Tutto uguale. La sublime Roccella con la sua voce chioccia pontifica sulla famiglia e il patriarcato e si confronta con la grande Concia, esclusa dalla funzione istituzionale e bersaglio di destra e sinistra, ma impettita nel fioretto Lgbtq+ versus Family day. Tutto uguale. Briatore cazzia Santanchè, consenziente alla ramanzina, per il turismo straccione. Tutto uguale. Arriva la grande star internazionale, mister X, forse anche il premier angloindiano (origini: Kenya, Tanzania, Punjab, religione induista) che fa tanto multiculti. L’esotismo è di rigore, anche se non ci sono più Luis Corvalán e gli Inti Illimani. Nulla più esotico di Atreju, eroe antinichilista, per la gioia della controrivoluzione antimoderna ma molto contemporanea. Apertura e confronto sono il codice assoluto di queste manifestazioni totali e prefigurative, segue la sintesi politica, il numero uno spiega e rispiega, celebra e incoraggia, elogia e si elogia, e si staglia poi una lunga campagna elettorale, di governo e di opposizione o se preferite di lotta. Niente salamelle e tortellini. Prevalgono pane e salsiccia, porchetta, l’Emilia è lontana, ma i militanti e i clienti, sempre parecchi, sono affamati anche e sopra tutto di intrattenimento politico e ideologico. Ci mancherebbe altro.
Tutto uguale. Non c’è più il funzionario colto di Rai3 che la sa dire lunga su comunicazione e politica, ma c’è il direttore degli approfondimenti che sfida e provoca l’opposizione parlamentare. C’è il ministro dell’Economia che castiga l’assemblea di condominio europea e annuncia veti che non ci saranno. Molta eccitazione compensa qualche flop e qualche sonnellino.
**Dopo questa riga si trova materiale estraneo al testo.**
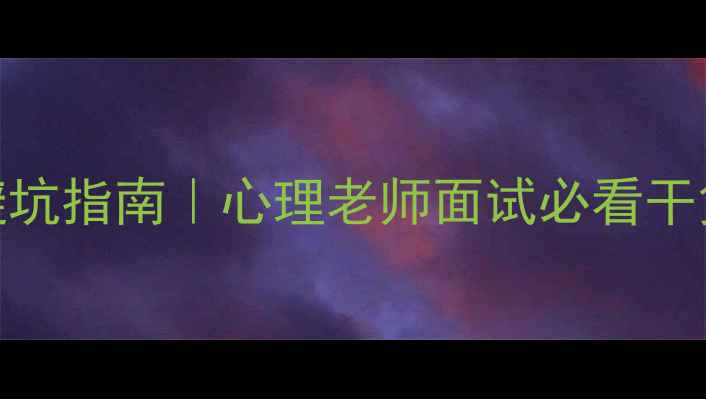 图片 🔥心理健康面试避坑指南｜心理老师面试必看干货（附模拟题库）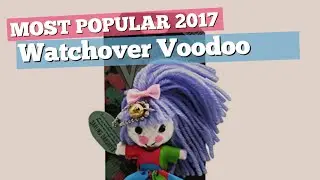 Watchover Voodoo Dolls Collection // Most Popular 2017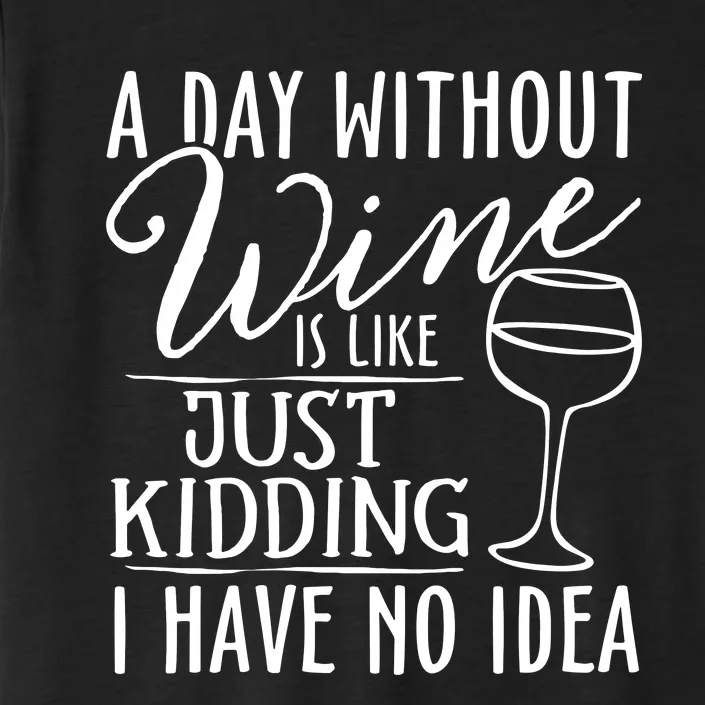 A Day Without Wine Is Like Just Kidding Wine Drinking Lover Vneck ChromaSoft Performance T-Shirt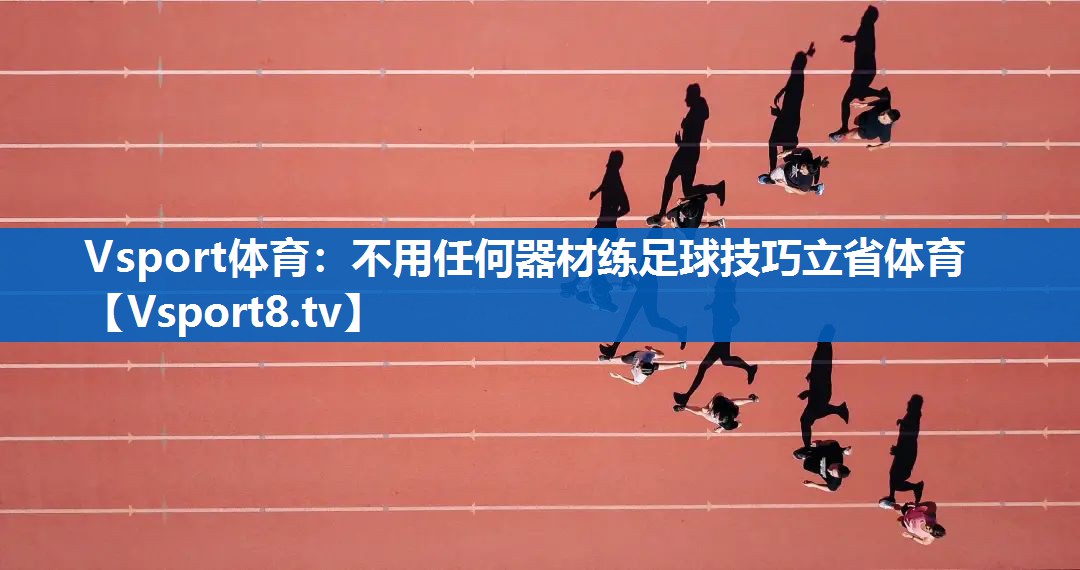 Vsport体育：不用任何器材练足球技巧立省体育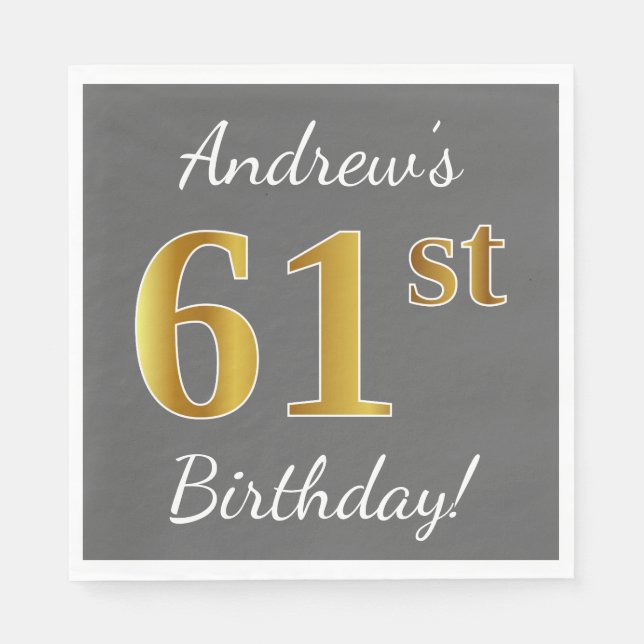 Servilleta De Papel Gris, Faux Gold 61st Birthday + Nombre personaliza (Anverso)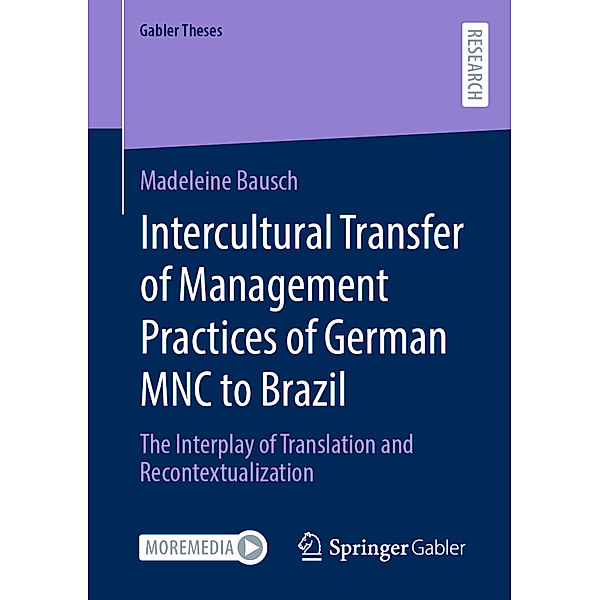 Intercultural Transfer of Management Practices of German MNC to Brazil, Madeleine Bausch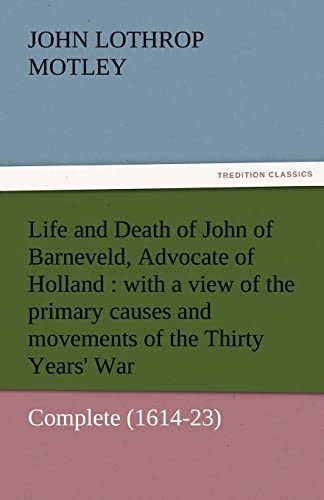 Life and Death of John of Barneveld, Advocate of Holland with a view of the primary causes and movements of the Thirty Years' War Complete 161423 TREDITION CLASSICS - John Lothrop Motley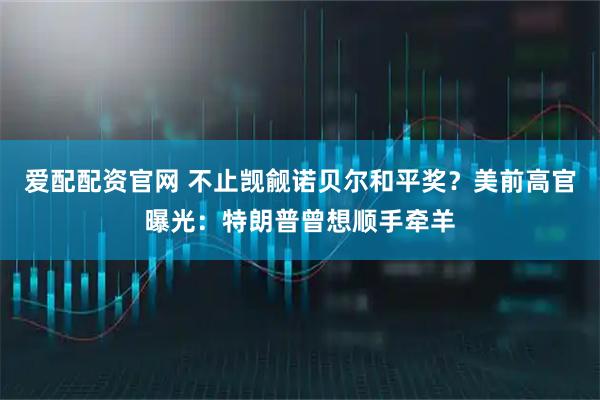 爱配配资官网 不止觊觎诺贝尔和平奖？美前高官曝光：特朗普曾想顺手牵羊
Trionfa spesso la cosa che meno interessa, la politica estera, il successo nel mondo compensa nel megaschermo ogni possibile delusione, la memoria è coltivata e condivisa, anche se è una memoria diversa, opposta, nelle due feste di popolo decisamente simili, anzi identiche. Il freddo però aiuta a stare svegli, è climaticamente scorretto. In più l’atmosfera natalizia, l’abbracciamoci tutti, il partito, la sorella, e la solita famiglia, che poi non è così male.